Successive pregnancies frightened and disappointed Lazarus. Each new child required years of education, which was work Lazarus felt she must manage closely. Her husband was preoccupied with business. Most upsettingly, continued religious studies only deepened Rachel’s attraction to Christianity. Her dream of enlightened domesticity was flickering out. An emotional and physical breakdown convinced Lazarus, in 1835, to go where faith led her. She announced her intention to convert, setting off a bitter struggle with her father and husband.

Aaron Lazarus threatened to take their children (Marx Edgeworth, Ellen, Mary Catherine, and Julia) away if she left the faith. Lazarus relented, but for the remaining years of her life believed as a Christian in all but name. On her deathbed, at the home of her still-Jewish siblings Samuel Mordecai and Ellen Mordecai in Petersburg, Virginia, Lazarus was baptized into the Episcopal Church.

Legacy

With almost no formal education, Lazarus defied the view of women as intellectually inferior to men and systematically pursued a life of the mind within the private sphere. Though she grew up far from an organized Jewish community, for most of her life she defended the faith of her fathers as vigorously as any American Jewish woman of the time. Lazarus and her siblings, professionals who always mixed freely with gentiles, regularly faced questions about their belief and strained to fit Judaism to their lives. Only two of Mordecai’s thirteen children became practicing Jewish adults.

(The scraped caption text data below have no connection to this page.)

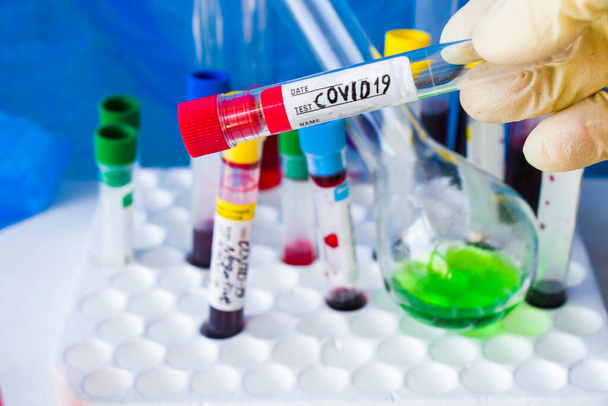 Covid - 19 and corona virus blood test sample, negative and positive tests in doctors hand - Photo, Image
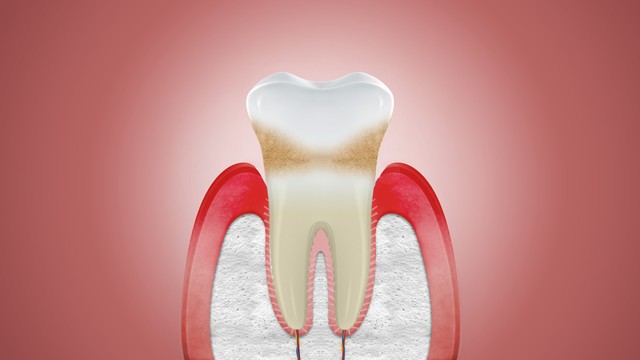 bai-viet/cac-ly-do-khien-nuou-bi-ton-thuong-va-cach-khac-phuc.html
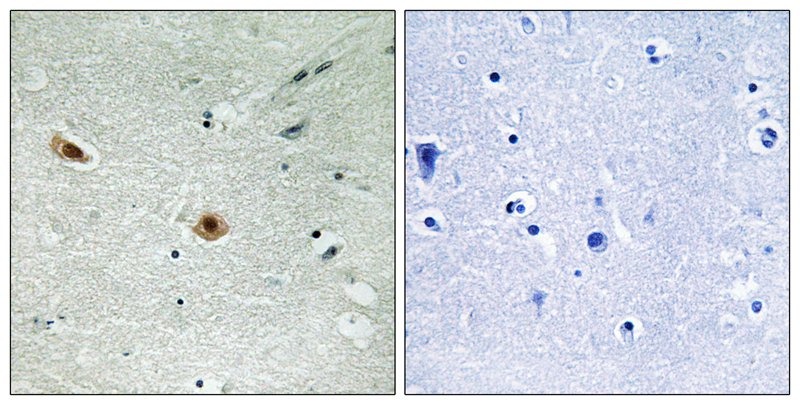 Anti-Phospho-RB1 (Ser608) Polyclonal Antibody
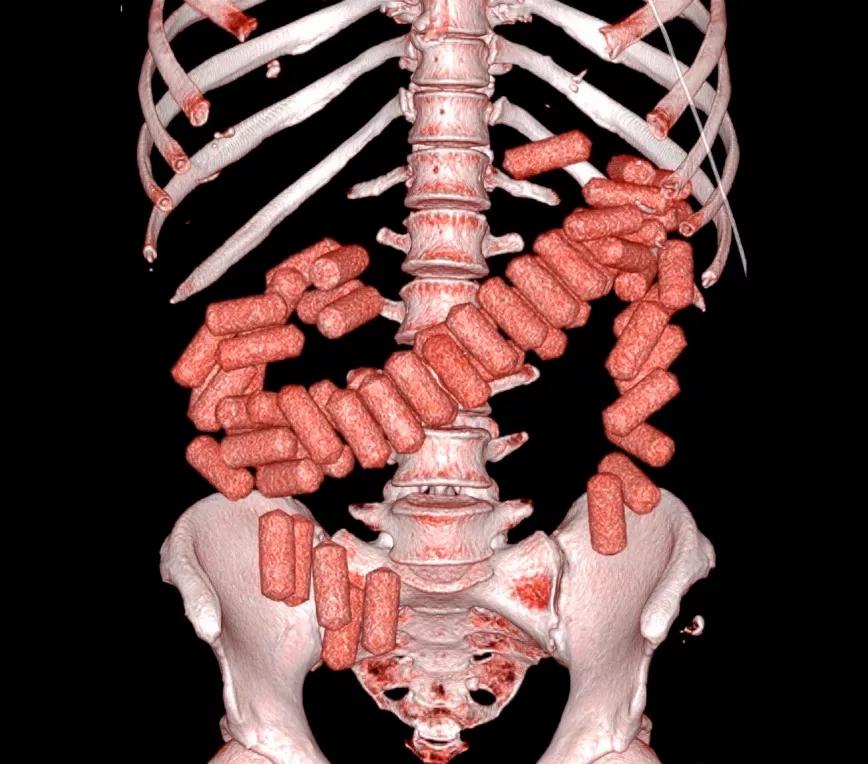Tres detenidos por la muerte de una persona que transportó cocaína en su interior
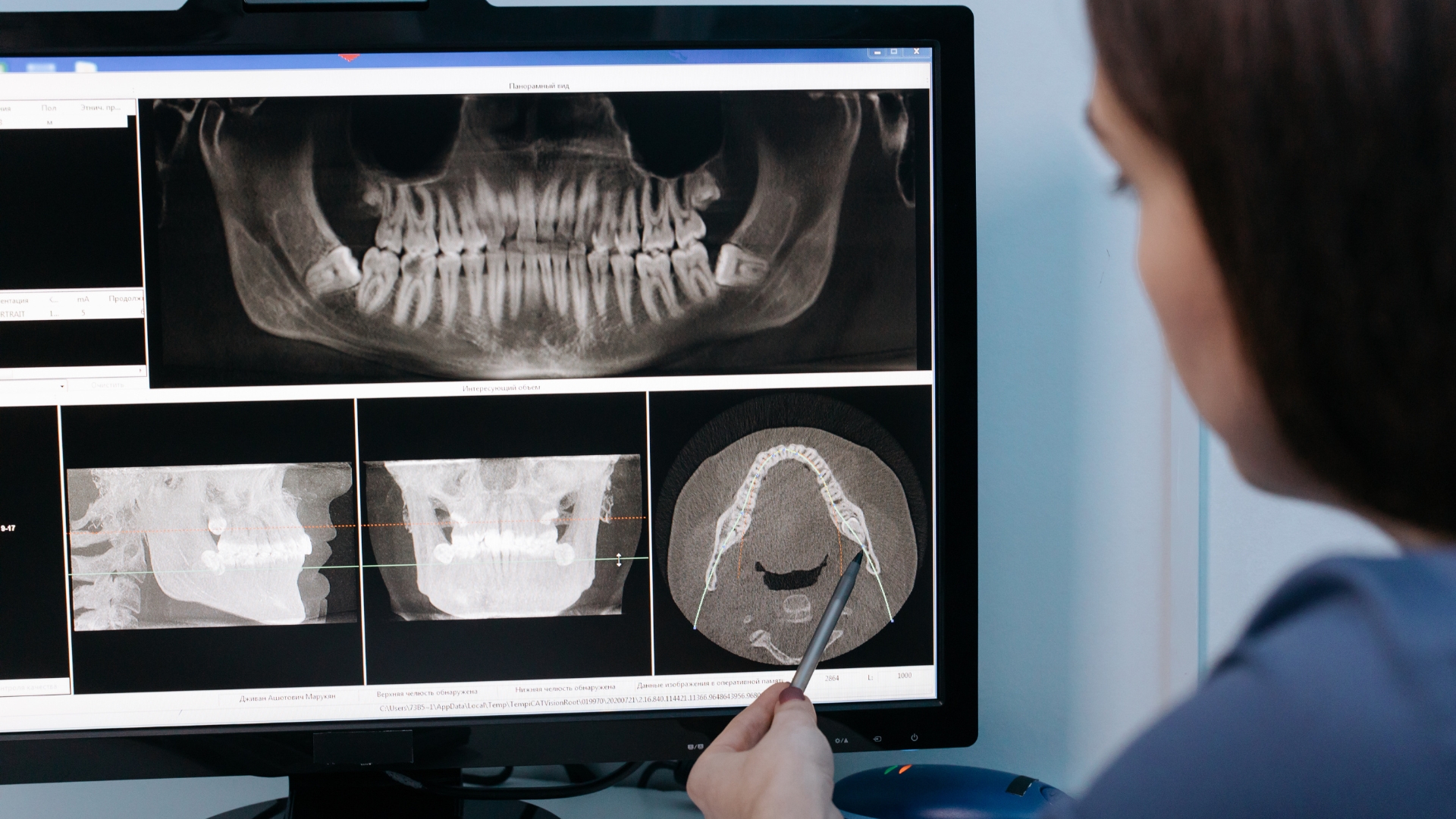 Khớp cắn ngược loại 3: Nhận diện và giải pháp điều trị hiệu quả 3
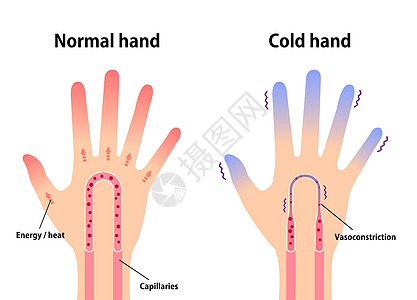 正常手和冷手对指尖冷的敏感度比较图卡通片手指血液循环蓝色女性状况疼痛疾病流感成人图片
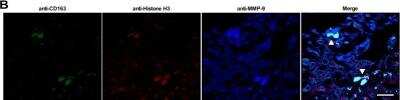 Immunocytochemistry/ Immunofluorescence: MMP-9 Antibody (S51-82) [NBP2-59699]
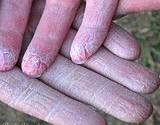 a photo of dry skin on hands a sign of Vitamin A deficiency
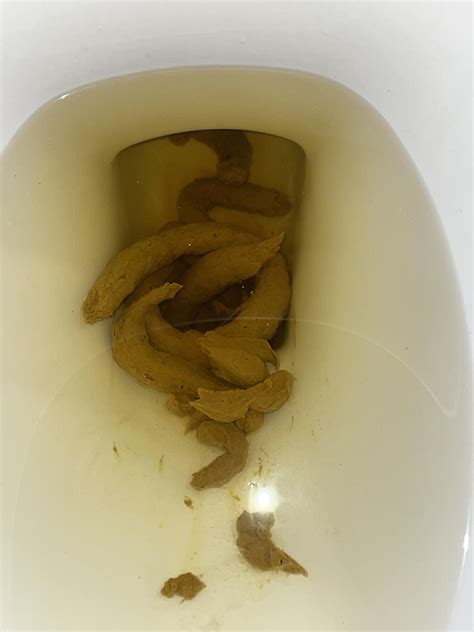 blood in stool colon cancer poop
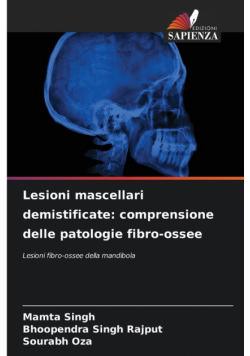 Lesioni mascellari demistificate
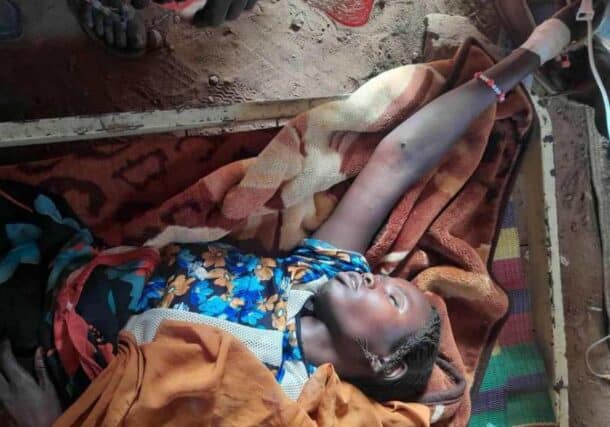 Malaria patient in Tawaila camp, on September 17, 2025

Despite an almost excessively dutiful nature, Lazarus balked at the patriarchal Judaism practiced by her father and husband and called for changes that Reform Judaism brought only after her death. First as an intellectual, later as a Christian, and always as a dutiful woman, Rachel Mordecai Lazarus sought meaning in ideals. Not surprisingly, the world and the people she loved never lived up to her dreams.

Rachel Mordecai Lazarus died on June 23, 1838.

Bibliography

Berman, Myron. Richmond’s Jewry, 1769–1976: Shabbat in Shockoe (1979).

Bingham, Emily S. “‘Mind Torn ... Spirit Broken’: Enlightened Domesticity and Evangelical Piety in the World of Rachel Mordecai Lazarus.” Master’s thesis, University of North Carolina, 1991.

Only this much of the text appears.